With the pictures left out, restate exactly the part below that opens with the line containing "Wij gaan nergens" and closes with the line containing "HomeRoots 8' Copper".

# Data provided

[Start of Attachment]

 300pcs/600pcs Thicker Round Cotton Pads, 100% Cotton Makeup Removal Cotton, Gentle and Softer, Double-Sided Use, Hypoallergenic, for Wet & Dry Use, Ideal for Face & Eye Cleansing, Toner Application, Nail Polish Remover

[End of Attachment]
[Start of Attachment]

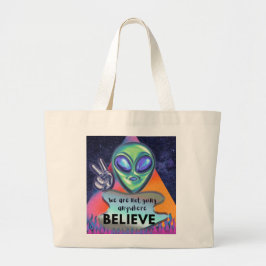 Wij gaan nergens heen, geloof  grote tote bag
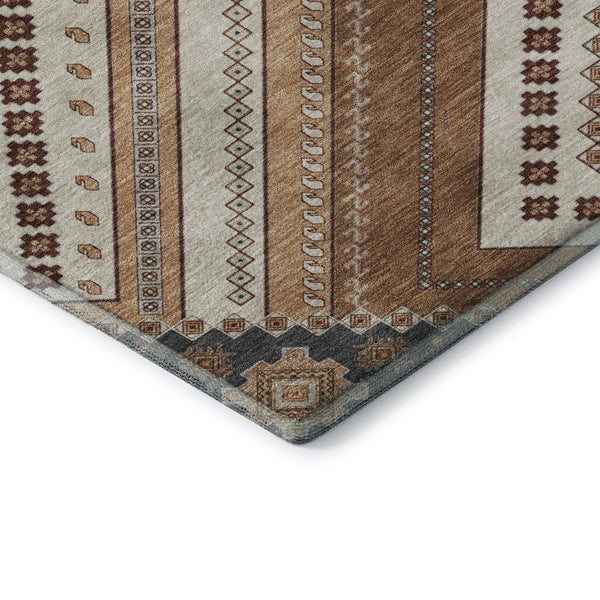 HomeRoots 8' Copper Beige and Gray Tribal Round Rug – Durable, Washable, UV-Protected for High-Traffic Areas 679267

[End of Attachment]
[Start of Attachment]

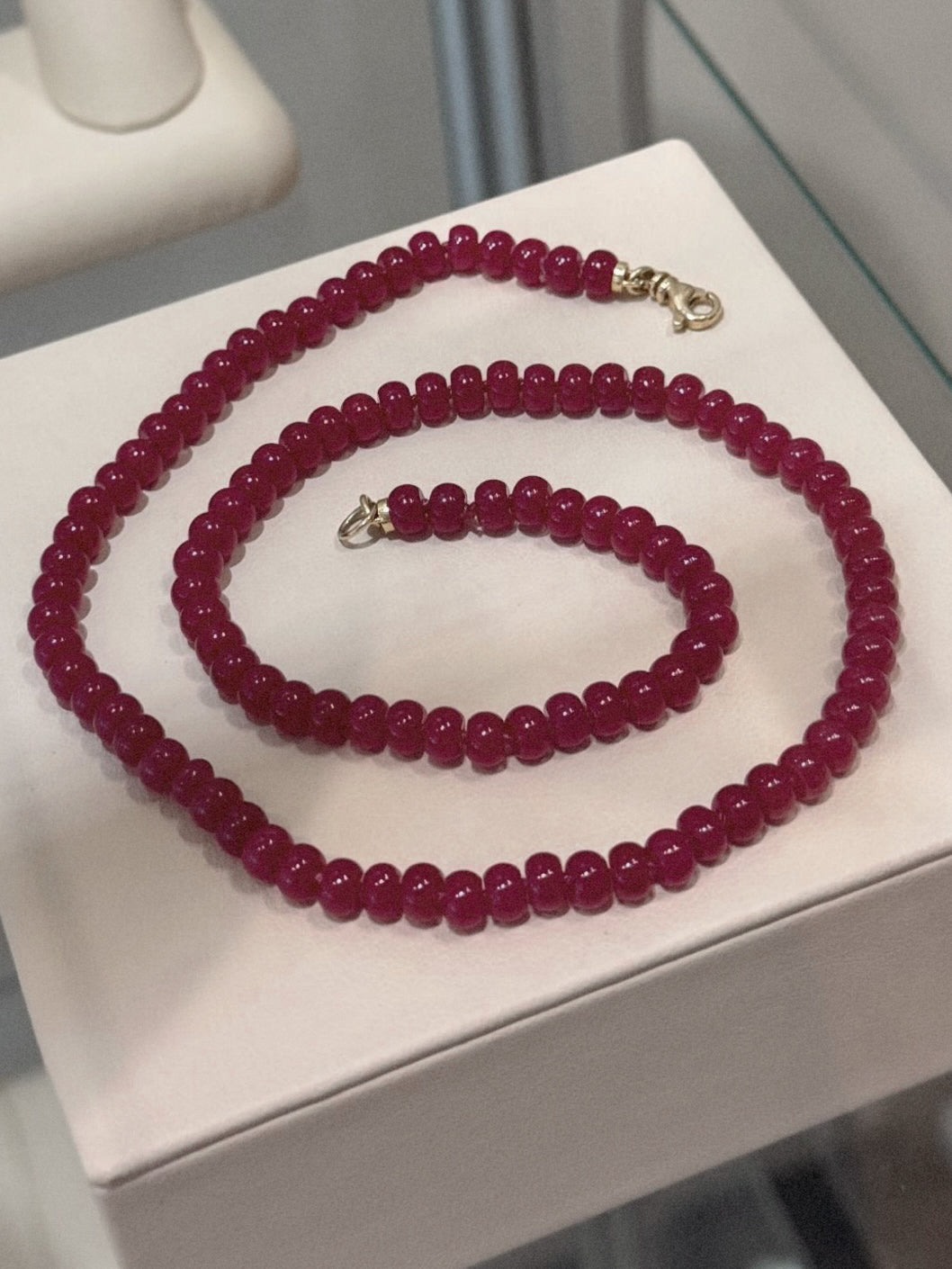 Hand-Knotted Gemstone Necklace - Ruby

[End of Attachment]

# Expected answer
 Wij gaan nergens heen, geloof  grote tote bag
 HomeRoots 8' Copper Beige and Gray Tribal Round Rug – Durable, Washable, UV-Protected for High-Traffic Areas 679267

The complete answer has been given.